Material shown:
+--

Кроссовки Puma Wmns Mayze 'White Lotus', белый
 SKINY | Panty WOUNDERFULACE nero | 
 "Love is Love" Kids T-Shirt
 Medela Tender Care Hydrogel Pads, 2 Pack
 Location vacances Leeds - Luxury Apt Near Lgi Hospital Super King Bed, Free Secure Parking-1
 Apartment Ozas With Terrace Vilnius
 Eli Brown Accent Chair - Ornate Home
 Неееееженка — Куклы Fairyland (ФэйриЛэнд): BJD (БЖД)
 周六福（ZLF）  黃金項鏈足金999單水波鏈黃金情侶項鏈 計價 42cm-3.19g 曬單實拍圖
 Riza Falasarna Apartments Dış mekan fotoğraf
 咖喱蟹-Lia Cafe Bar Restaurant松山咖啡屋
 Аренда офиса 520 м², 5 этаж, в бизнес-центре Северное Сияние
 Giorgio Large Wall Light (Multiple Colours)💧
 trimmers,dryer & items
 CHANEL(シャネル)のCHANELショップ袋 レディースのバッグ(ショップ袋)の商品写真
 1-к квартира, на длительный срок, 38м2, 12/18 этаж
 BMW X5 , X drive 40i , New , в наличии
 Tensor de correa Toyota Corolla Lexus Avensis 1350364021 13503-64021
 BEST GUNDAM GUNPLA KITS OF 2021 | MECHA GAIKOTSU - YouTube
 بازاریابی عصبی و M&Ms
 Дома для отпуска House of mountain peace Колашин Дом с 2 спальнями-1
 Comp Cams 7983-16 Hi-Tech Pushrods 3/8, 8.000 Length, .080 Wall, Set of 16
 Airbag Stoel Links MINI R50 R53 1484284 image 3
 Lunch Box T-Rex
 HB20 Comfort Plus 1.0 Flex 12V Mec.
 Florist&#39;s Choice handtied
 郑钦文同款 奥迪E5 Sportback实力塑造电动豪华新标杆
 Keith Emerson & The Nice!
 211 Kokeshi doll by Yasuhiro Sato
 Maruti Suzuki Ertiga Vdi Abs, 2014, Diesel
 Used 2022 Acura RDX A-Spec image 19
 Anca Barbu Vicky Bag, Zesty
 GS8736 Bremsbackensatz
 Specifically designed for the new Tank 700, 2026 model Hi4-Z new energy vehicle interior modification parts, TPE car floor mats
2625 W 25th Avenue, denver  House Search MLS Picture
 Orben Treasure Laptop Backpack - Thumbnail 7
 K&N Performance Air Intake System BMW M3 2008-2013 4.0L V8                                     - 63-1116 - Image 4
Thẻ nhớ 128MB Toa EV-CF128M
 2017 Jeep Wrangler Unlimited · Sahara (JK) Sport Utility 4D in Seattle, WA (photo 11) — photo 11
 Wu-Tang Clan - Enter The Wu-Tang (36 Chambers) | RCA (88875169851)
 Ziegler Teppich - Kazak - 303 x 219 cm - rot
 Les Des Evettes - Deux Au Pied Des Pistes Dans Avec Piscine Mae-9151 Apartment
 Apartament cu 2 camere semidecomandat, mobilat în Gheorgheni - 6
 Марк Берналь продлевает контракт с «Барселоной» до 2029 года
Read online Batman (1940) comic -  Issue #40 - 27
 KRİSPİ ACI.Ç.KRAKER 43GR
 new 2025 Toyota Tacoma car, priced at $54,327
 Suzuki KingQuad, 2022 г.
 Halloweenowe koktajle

+--

What is required:
Restate every entry word for word.

Written answer:
Кроссовки Puma Wmns Mayze 'White Lotus', белый
 SKINY | Panty WOUNDERFULACE nero | 
 "Love is Love" Kids T-Shirt
 Medela Tender Care Hydrogel Pads, 2 Pack
 Location vacances Leeds - Luxury Apt Near Lgi Hospital Super King Bed, Free Secure Parking-1
 Apartment Ozas With Terrace Vilnius
 Eli Brown Accent Chair - Ornate Home
 Неееееженка — Куклы Fairyland (ФэйриЛэнд): BJD (БЖД)
 周六福（ZLF）  黃金項鏈足金999單水波鏈黃金情侶項鏈 計價 42cm-3.19g 曬單實拍圖
 Riza Falasarna Apartments Dış mekan fotoğraf
 咖喱蟹-Lia Cafe Bar Restaurant松山咖啡屋
 Аренда офиса 520 м², 5 этаж, в бизнес-центре Северное Сияние
 Giorgio Large Wall Light (Multiple Colours)💧
 trimmers,dryer & items
 CHANEL(シャネル)のCHANELショップ袋 レディースのバッグ(ショップ袋)の商品写真
 1-к квартира, на длительный срок, 38м2, 12/18 этаж
 BMW X5 , X drive 40i , New , в наличии
 Tensor de correa Toyota Corolla Lexus Avensis 1350364021 13503-64021
 BEST GUNDAM GUNPLA KITS OF 2021 | MECHA GAIKOTSU - YouTube
 بازاریابی عصبی و M&Ms
 Дома для отпуска House of mountain peace Колашин Дом с 2 спальнями-1
 Comp Cams 7983-16 Hi-Tech Pushrods 3/8, 8.000 Length, .080 Wall, Set of 16
 Airbag Stoel Links MINI R50 R53 1484284 image 3
 Lunch Box T-Rex
 HB20 Comfort Plus 1.0 Flex 12V Mec.
 Florist&#39;s Choice handtied
 郑钦文同款 奥迪E5 Sportback实力塑造电动豪华新标杆
 Keith Emerson & The Nice!
 211 Kokeshi doll by Yasuhiro Sato
 Maruti Suzuki Ertiga Vdi Abs, 2014, Diesel
 Used 2022 Acura RDX A-Spec image 19
 Anca Barbu Vicky Bag, Zesty
 GS8736 Bremsbackensatz
 Specifically designed for the new Tank 700, 2026 model Hi4-Z new energy vehicle interior modification parts, TPE car floor mats
2625 W 25th Avenue, denver  House Search MLS Picture
 Orben Treasure Laptop Backpack - Thumbnail 7
 K&N Performance Air Intake System BMW M3 2008-2013 4.0L V8                                     - 63-1116 - Image 4
Thẻ nhớ 128MB Toa EV-CF128M
 2017 Jeep Wrangler Unlimited · Sahara (JK) Sport Utility 4D in Seattle, WA (photo 11) — photo 11
 Wu-Tang Clan - Enter The Wu-Tang (36 Chambers) | RCA (88875169851)
 Ziegler Teppich - Kazak - 303 x 219 cm - rot
 Les Des Evettes - Deux Au Pied Des Pistes Dans Avec Piscine Mae-9151 Apartment
 Apartament cu 2 camere semidecomandat, mobilat în Gheorgheni - 6
 Марк Берналь продлевает контракт с «Барселоной» до 2029 года
Read online Batman (1940) comic -  Issue #40 - 27
 KRİSPİ ACI.Ç.KRAKER 43GR
 new 2025 Toyota Tacoma car, priced at $54,327
 Suzuki KingQuad, 2022 г.
 Halloweenowe koktajle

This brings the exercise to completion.